Writing built-ins for instructions returning multiple operands

I have written many builtins for our SHAVE processor which bind directly to our instructions, and making instructions that are not easily selectable by the compiler available to the programmer.

The majority of these are straight-forward enough, taking a small number pf input operands and returning a single result; for example ‘int __builtin_shave_mul(int, int)’ might map onto a simple multiple instruction that takes two input integer operands in registers, and returns a single integer result in another register.

However, I have a small number instructions that have two output operands, each in a separate register.
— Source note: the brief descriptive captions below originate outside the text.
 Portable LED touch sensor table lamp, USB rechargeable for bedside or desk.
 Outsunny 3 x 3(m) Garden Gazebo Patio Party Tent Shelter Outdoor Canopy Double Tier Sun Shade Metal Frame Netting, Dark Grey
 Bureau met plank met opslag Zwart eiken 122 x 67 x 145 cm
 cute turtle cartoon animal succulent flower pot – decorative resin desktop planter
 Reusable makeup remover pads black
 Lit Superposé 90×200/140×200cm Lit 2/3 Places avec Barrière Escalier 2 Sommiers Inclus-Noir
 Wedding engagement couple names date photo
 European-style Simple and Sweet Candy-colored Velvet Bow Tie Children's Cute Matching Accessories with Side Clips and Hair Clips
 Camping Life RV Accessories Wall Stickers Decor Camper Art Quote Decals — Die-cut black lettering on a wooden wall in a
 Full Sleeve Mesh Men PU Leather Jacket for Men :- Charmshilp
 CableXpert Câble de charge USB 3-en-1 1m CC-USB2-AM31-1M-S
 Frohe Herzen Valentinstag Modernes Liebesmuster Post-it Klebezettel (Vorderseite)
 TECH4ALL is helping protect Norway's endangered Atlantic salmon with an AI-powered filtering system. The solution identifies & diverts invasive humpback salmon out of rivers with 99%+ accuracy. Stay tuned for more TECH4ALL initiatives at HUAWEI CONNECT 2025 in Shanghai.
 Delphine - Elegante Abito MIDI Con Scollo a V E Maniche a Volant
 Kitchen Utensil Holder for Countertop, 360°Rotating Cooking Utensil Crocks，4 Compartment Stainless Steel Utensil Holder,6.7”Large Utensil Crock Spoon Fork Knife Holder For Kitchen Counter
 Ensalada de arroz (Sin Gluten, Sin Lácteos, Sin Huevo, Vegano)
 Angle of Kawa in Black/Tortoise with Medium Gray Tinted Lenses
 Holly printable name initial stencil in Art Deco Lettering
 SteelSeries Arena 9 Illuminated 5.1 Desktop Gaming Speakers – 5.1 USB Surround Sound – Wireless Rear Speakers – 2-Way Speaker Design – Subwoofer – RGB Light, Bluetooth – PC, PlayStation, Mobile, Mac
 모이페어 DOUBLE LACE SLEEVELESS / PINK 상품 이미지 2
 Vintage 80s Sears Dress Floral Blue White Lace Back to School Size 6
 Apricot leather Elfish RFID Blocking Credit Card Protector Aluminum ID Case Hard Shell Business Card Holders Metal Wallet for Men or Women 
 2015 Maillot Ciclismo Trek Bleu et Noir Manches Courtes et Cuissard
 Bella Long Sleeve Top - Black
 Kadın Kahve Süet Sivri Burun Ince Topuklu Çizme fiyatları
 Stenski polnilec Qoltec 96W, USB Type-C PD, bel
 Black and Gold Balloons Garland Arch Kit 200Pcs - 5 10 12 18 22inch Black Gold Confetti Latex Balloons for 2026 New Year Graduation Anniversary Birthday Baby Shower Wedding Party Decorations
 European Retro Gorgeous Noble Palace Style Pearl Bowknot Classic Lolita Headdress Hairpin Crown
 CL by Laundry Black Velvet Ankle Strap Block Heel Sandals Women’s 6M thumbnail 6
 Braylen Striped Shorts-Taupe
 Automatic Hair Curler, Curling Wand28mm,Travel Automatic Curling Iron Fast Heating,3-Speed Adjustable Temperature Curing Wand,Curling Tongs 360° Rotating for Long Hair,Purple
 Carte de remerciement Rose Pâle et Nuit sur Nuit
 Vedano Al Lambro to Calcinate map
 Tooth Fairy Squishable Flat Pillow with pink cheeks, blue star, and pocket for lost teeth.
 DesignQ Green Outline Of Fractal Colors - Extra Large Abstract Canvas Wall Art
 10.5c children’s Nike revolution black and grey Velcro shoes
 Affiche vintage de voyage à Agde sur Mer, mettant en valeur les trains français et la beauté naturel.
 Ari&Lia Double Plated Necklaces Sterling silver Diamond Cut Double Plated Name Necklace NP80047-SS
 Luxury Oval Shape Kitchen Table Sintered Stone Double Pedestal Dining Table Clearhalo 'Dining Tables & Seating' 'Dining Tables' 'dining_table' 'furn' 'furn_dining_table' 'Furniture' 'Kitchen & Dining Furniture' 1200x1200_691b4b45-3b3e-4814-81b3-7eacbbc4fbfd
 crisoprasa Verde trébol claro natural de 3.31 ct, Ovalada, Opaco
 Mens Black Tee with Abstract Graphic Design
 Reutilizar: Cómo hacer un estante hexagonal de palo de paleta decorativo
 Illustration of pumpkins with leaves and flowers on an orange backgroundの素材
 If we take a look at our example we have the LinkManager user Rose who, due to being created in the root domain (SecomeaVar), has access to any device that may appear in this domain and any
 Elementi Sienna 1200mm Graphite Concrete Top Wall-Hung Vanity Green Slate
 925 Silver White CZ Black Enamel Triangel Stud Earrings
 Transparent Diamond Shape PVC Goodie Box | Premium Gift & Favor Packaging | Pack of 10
I would like to provide access to these instructions using the builtins approach. This is easy enough to express in LLVM IR, but I have not been able to figure out how this can be presented in a C or C++ binding.

Is there a pattern for doing this kind of thing that I haven’t discovered, or is it simply something that cannot be expressed using the C binding to the builtins?

Thanks,

MartinO (Movidius Ltd.)

Kind of depends on what you actually get back.

For example, if I take the RDTSC instruction on x86, it returns a 64-bit value, but it’s in two registers, EAX and EDX as 32-bit values. The natural thing in that case is to let the builtin form a 64-bit value [either in EAX and EDX in the 32-bit compiler, as that happens to be the way 64-bit values are returned, or as a single 64-bit value by shifting/oring the two register values into one 64-bit return value].

However, if we have, say, an instruction that returns two distinct values (div that also gives the remainder, as a simple example), you will either have to return a (small) struct, or pass in a pointer to be filled in by the function [the latter is not ideal from an optimisation perspective, as the optimiser has a harder time knowing if the output is aliased with something else.

It’s important to differentiate the C builtin from the LLVM intrinsic. It’s generally more useable (and idiomatic) in C to have additional return values become arguments returned by pointer. It’s generally more useful in LLVM IR to have multiple return values as a struct. For an example, consider the overflow-checked builtins.

The following C for a function that multiplies two numbers and returns either the result or 0 on overflow:

unsigned int mul(unsigned int x, unsigned int y)
{
  unsigned int result;
  return __builtin_umul_overflow(x, y, &result) == 0 ? 0 : result;
}

This becomes some fairly complex IR, with the key part being:

  %result = alloca i32, align 4
...
  %5 = call { i32, i1 } @llvm.umul.with.overflow.i32(i32 %3, i32 %4)
...
  %7 = extractvalue { i32, i1 } %5, 0
  store i32 %7, i32* %result, align 4

The SROA happily turns this entire function into:

define i32 @mul(i32 %x, i32 %y) #0 {
  %1 = call { i32, i1 } @llvm.umul.with.overflow.i32(i32 %x, i32 %y)
  %2 = extractvalue { i32, i1 } %1, 1
  %3 = extractvalue { i32, i1 } %1, 0
  %4 = zext i1 %2 to i32
  %5 = icmp eq i32 %4, 0
  br i1 %5, label %6, label %7

; <label>:6 ; preds = %0
  br label %8

; <label>:7 ; preds = %0
  br label %8

; <label>:8 ; preds = %7, %6
  %9 = phi i32 [ 0, %6 ], [ %3, %7 ]
  ret i32 %9
}

SimplifyCFG then turns the branches into a single select:

define i32 @mul(i32 %x, i32 %y) #0 {
  %1 = call { i32, i1 } @llvm.umul.with.overflow.i32(i32 %x, i32 %y)
  %2 = extractvalue { i32, i1 } %1, 1
  %3 = extractvalue { i32, i1 } %1, 0
  %4 = zext i1 %2 to i32
  %5 = icmp eq i32 %4, 0
  %. = select i1 %5, i32 0, i32 %3
  ret i32 %.
}

And instcombine gets rid of the redundant zext / icmp:

define i32 @mul(i32 %x, i32 %y) #0 {
  %1 = call { i32, i1 } @llvm.umul.with.overflow.i32(i32 %x, i32 %y)
  %2 = extractvalue { i32, i1 } %1, 1
  %3 = extractvalue { i32, i1 } %1, 0
  %. = select i1 %2, i32 %3, i32 0
  ret i32 %.
}

TL;DR version: Just because you expose a builtin to C as something that takes a pointer doesn’t mean that the optimisers will struggle with it if you expose a sensible LLVM IR intrinsic.

David

Thanks for this feedback. Although my example (contrived) used an 'int', the actual instructions involved use vector operands so it’s a bit more tricky, but the approach you have outlined looks workable. I had been avoiding the notion of "pass-by-reference", but the transformations you have outlined should allow me to represent this using pointers or references in C/C++, but lower to the intended instruction and eliminate the implied indirection.

All the best,

  MartinO